Kenyan charged with Killing S.Korean sailor

February 19, 2011 12:00 am

, MOMBASA, Kenya, Feb 19 – A Kenyan woman accused of murdering a South Korean sailor only three days after he returned to Mombasa after four months of captivity in the Indian Ocean will remain in police custody for the next two weeks.

Mombasa High Court judge Jackton Ojwang on Friday ordered that Beatrice Auma Oguta be held at the Central Police Station for the next 14 days to enable investigating officers complete their work.

Ms Auma, 28, was arrested on Thursday at a Mombasa hotel, where she had allegedly spent the night with Kim Yong-Hyun, the chief engineer of the 241-ton Keummi 305.

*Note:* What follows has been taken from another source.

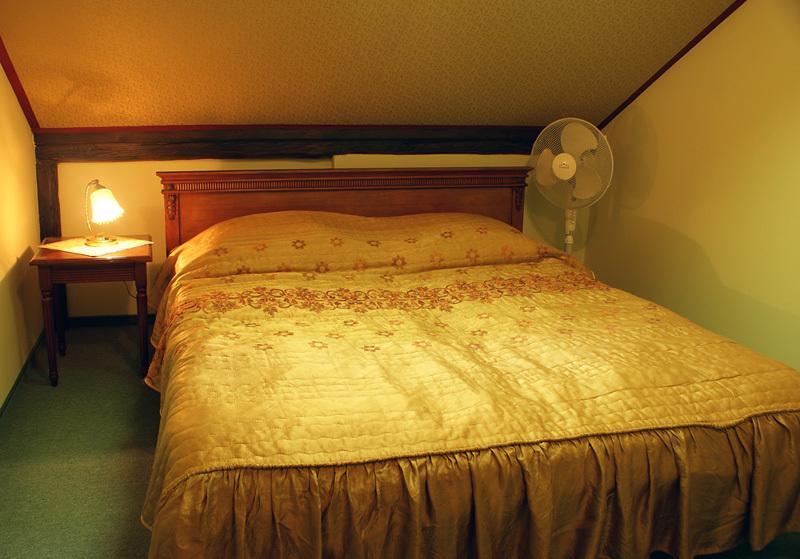 Łańcut Pensjonat Palacyk B&B 외부 사진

State Counsel Alexander Muteti filed a notice of motion which he urged the court to certify as urgent, saying the matter had elicited a lot of interest considering the deceased was a foreigner who had just been set free after an ordeal with pirates.

The late Korean sailor had just arrived in the coastal city after his release by Somali pirates alongside 39 Kenyan crew members captured last October.

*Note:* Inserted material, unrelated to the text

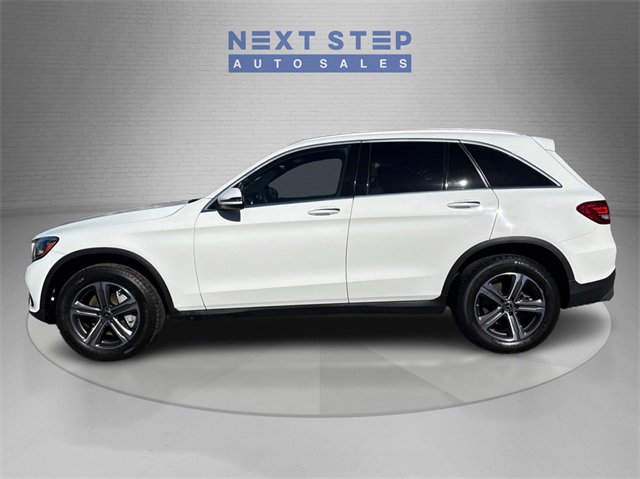 Used 2018 Mercedes-Benz GLC 300 4MATIC w/ Premium Package image 4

A security guard at the hotel heard Mr Kim falling to the ground from his fourth-floor room, officials said.

The guard was quoted as saying that Kim was with the woman at the time and he heard them quarreling before Mr Kim\’s plunge.

The accused clad in a torn t-shirt and black jeans, sat composed at the dock and briefly engaged with some lawyers.

Kim, 68, was one of 43 crew members — two Koreans, two Chinese and the 39 Kenyans — freed on February 9, four months after their fishing trawler was hijacked in Kenyan waters.

The boat arrived Tuesday in the Kenyan port of Mombasa under escort by a Finnish warship.

Its captain Kim Dae-Geun, 54, has described his months in captivity as "hell", saying he feared constantly for his life because his captors continually threatened the crew with loaded guns.

The chief engineer had dinner Wednesday with the captain, who noticed nothing unusual about his companion, the ministry said.

Yonhap news agency, quoting an unidentified official, said the engineer had been pondering whether to return to South Korea after the captain asked him to continue working in Kenya.

The reasons for the trawler\’s release are unclear. But sources have said the pirates may have seen little hope of ransom since the boat\’s owner had gone bankrupt, and could have found it difficult to feed the crew.